Now they’re hoping to pull off the same trick again, to any extent possible. That’s all this is. It’s not about saving lives or stopping a war, it’s about grand chessboard maneuverings to maintain U.S. planetary domination.


This will not save lives. In fact if it is successful it will ensure the loss of a great many more as an unwinnable war drags on long after it could have been over. This doesn’t benefit Ukrainians. It doesn’t benefit Americans. It doesn’t benefit Europeans. It only benefits the unipolarist agendas of a few powerful psychopaths.


If you still want to support arming Ukraine on the basis that it will benefit the unipolar hegemony of a globe-spanning empire because you believe that empire’s continued dominance is a good thing, be my guest. But again, don’t pretend what you’re cheering for is anything nobler than that.
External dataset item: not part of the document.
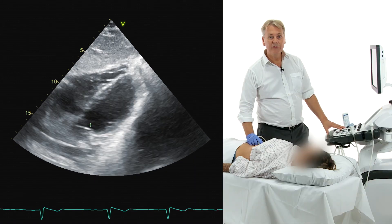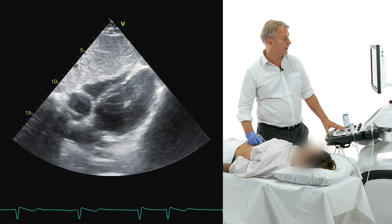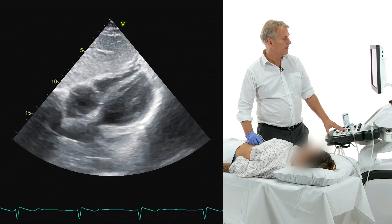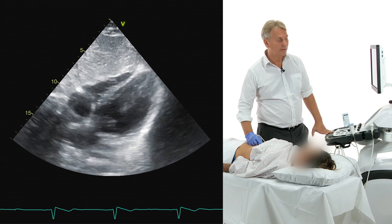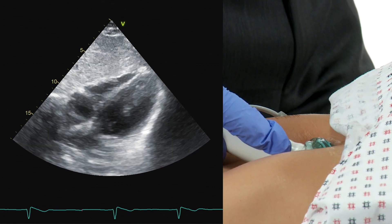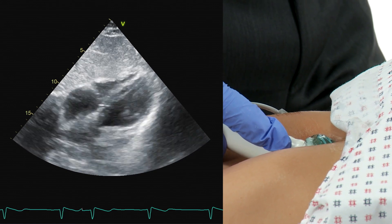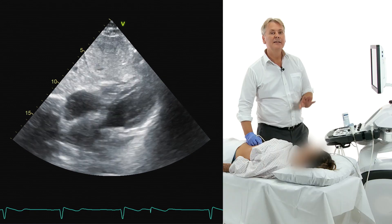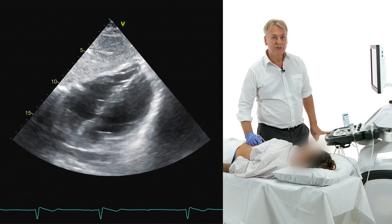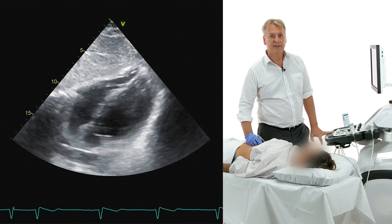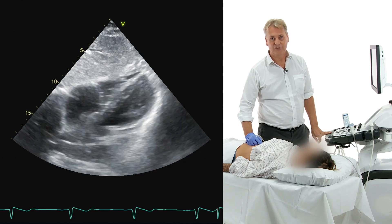The four chamber view is ideal to image the interatrial septum, which is a very important structure when looking for atrial septal defects. In the subcostal view you have a perpendicular orientation to the defect. This is why the subcostal four chamber view is one of the most important views when studying atrial septal defects, which will be covered in the chapter on congenital heart disease.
After 9/11 we were intensively bombarded with messaging about a sinister foreign leader, creating an environment of shrill hysteria that was very hard to stand up against. This was used to whip up support for pre-existing objectives of U.S. geostrategic dominance.

Sound familiar?

Would people have consented to two back-to-back full-scale ground invasions without 9/11 and the aggressive narrative management campaign which followed? Would people have consented to economic warfare that could hurt us all and nuclear brinkmanship that could get us all killed without the Ukraine invasion and the aggressive narrative management campaign accompanying it?
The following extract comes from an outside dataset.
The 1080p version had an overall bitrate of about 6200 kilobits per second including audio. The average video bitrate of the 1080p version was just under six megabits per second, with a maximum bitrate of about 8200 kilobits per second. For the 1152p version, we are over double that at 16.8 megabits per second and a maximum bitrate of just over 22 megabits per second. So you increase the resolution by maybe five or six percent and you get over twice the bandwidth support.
It’s times like these where it’s most important to be intensely, aggressively skeptical of the agendas of our rulers, and unfortunately it’s also times like these where you’ll get yelled at the most forcefully for doing so. But we know better than to be shouted into silence now.



More concerning than backing Nazi militias in Ukraine is the far more widespread, far more deadly, and equally white supremacist belief we’re seeing throughout the western world that invading a nation of white people is horrific while invading a nation of brown people is normal.



There are those who think maintaining a hostile client state on Russia’s border is worth any amount of brinkmanship to accomplish, and then there are those who understand what nuclear war is.



If these insane escalations between the U.S. and Russia don’t scare the shit out of you it’s either because you don’t understand them or because you are psychologically compartmentalizing away from what you do understand. It’s one or the other.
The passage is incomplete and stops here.